> _TASK STATEMENT_:
For the material below, output exactly the span from the line with "Visico iTTL Radio" to the line with "Schaubilder und Karten · Hansestadt Lübeck Schaubilder", including both, and nothing besides.

> _MATERIAL PROVIDED_:
----

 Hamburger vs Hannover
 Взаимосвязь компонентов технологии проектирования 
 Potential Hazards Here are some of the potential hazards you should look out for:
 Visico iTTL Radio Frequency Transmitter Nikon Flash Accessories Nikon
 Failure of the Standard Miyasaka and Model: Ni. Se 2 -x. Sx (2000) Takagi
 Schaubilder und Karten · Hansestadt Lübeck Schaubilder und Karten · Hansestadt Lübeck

----

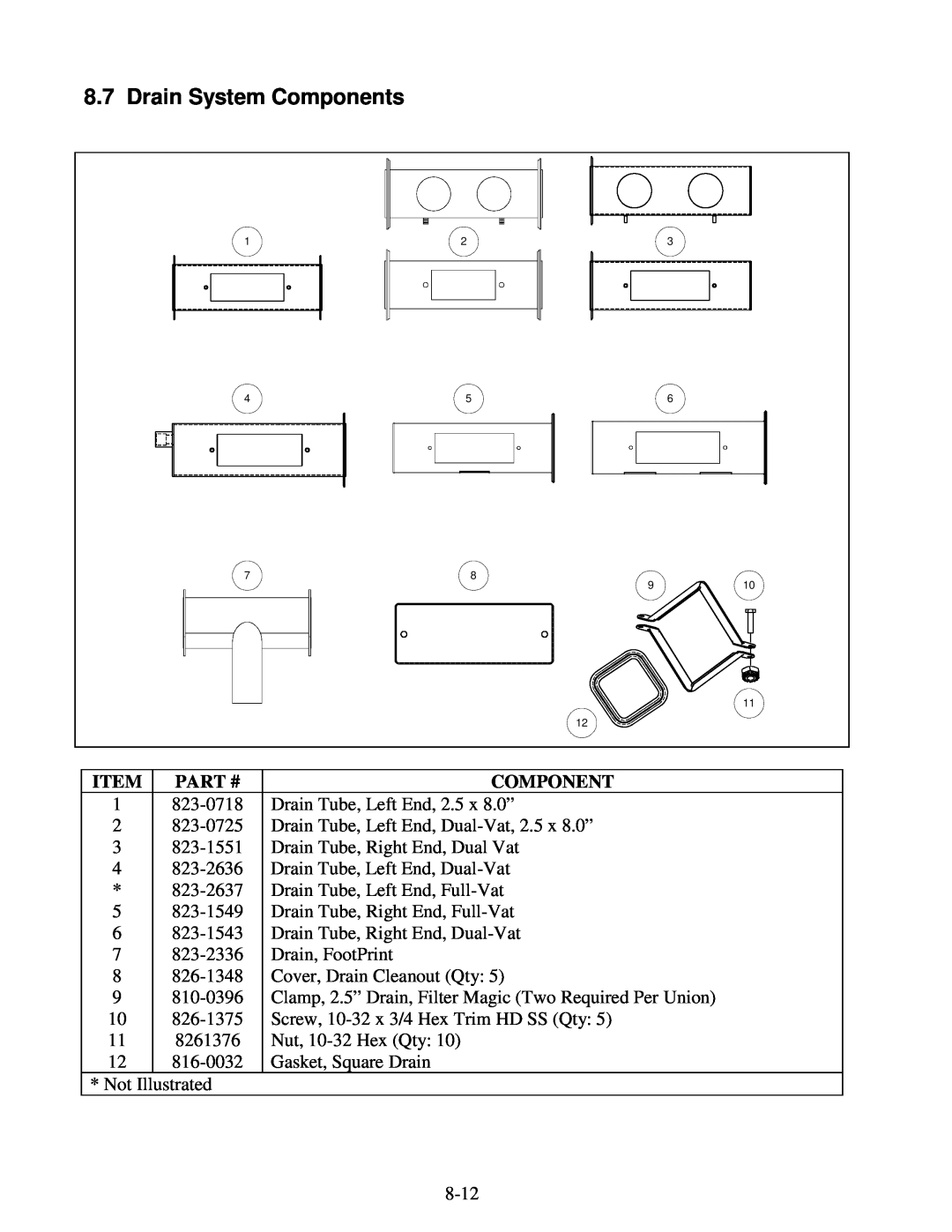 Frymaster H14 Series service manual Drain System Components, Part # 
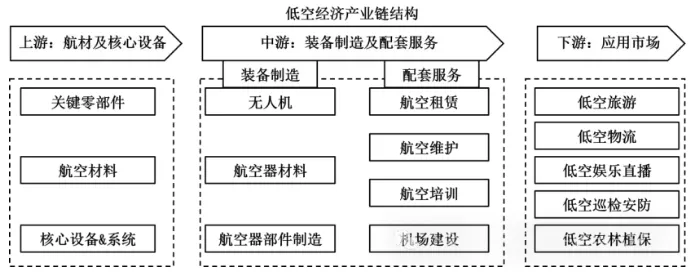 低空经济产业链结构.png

----

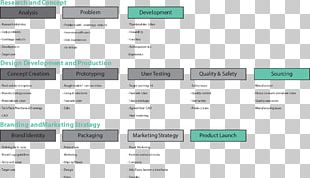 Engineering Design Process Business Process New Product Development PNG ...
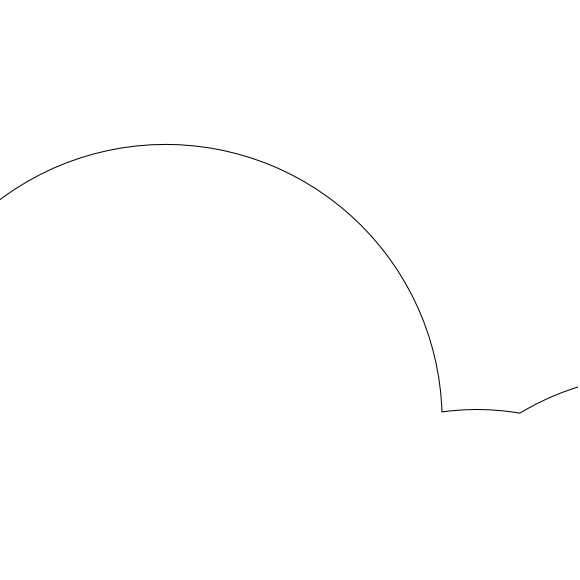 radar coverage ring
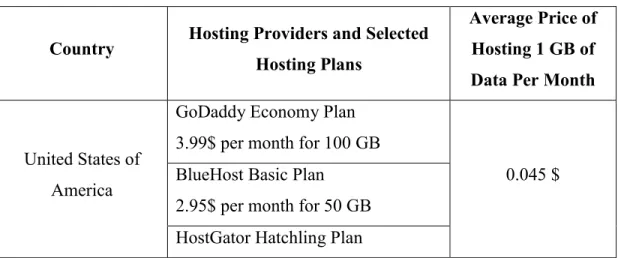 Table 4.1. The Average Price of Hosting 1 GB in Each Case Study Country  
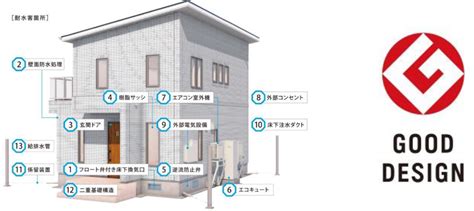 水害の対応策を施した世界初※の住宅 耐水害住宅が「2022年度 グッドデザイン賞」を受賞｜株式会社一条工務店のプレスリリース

----

> _YOUR RESPONSE_:
 Visico iTTL Radio Frequency Transmitter Nikon Flash Accessories Nikon
 Failure of the Standard Miyasaka and Model: Ni. Se 2 -x. Sx (2000) Takagi
 Schaubilder und Karten · Hansestadt Lübeck Schaubilder und Karten · Hansestadt Lübeck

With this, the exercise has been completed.